Unsurprisingly, during the most recent recession new car sales dropped while used car sales picked up, according to the National Auto Dealers Association. Furthermore, the percentage of new car sales that were leases stagnated or even dropped during the peak of the recession. A recent WSJ article advocates that now might be a good time to lease cars. As the recession hit, and more people held onto their cars, new car sales dropped. But the recession’s new cars are today’s used cars. This means that there is less supply of used car than are normally in the economy, and thus their price is higher. Since dealerships factor the post-lease resale value of the car into the monthly payments of the lease, lease prices are lower now than normal, because resale values are higher. In addition, the writer cites evidence that interest rates on car loans are rising, while lease rates are falling.
While conditions for leasing may be more favorable than in previous years, most analysts still insist than buying a car, even a new one, ends up costly less than leasing a car. Although the monthly cost of a lease is generally less than the monthly payment of the loan, the other costs of leasing cars adds up. Leasing doesn’t incur any equity into your car, so at the end of three years, you essentially have nothing more than what you started with. The equity that you put into a car generally makes buying a better investment because the value of the car is worth my than the difference between the lease and loan payments.

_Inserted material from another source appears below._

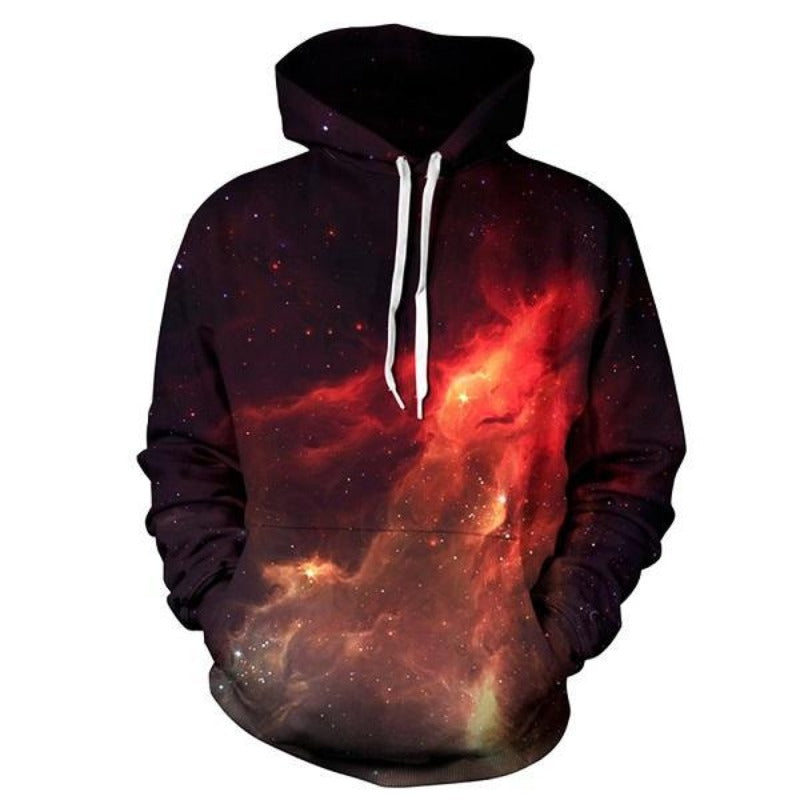 Eleganter Kapuzenpullover mit Galaxy-Serie-Print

We have probably all hear the the claim that a car loses a third of its value as soon as you drive it off the lot. According the Edmunds, the average car loses about 11% as soon as you drive it off the lot, and then 15-25% each year thereafter, depending on the model of the car. One way around that is to not drive the car off the lot, but to buy it second hand. Since the losses are diminishing (car lose less value each year), the older the car you buy, the less real dollars you will lose to depreciation over time. Buying a used car is the cheapest option to own a vehicle, although the costs can vary the most due to more frequent car repairs.
Personally, I cannot see myself every buying a new car. I am more than willing to save five or six thousand dollars to have a car that is a year old. I am not a car person, so I wouldn’t get intrinsic enjoyment value out of owning a new vehicle that some people might get. For some people, having a new car every three years might be worth more than the additional cost, and those people have every right to their own utility calculations. I will happily buy their used vehicles and maximize my utility by saving for something else that I enjoy.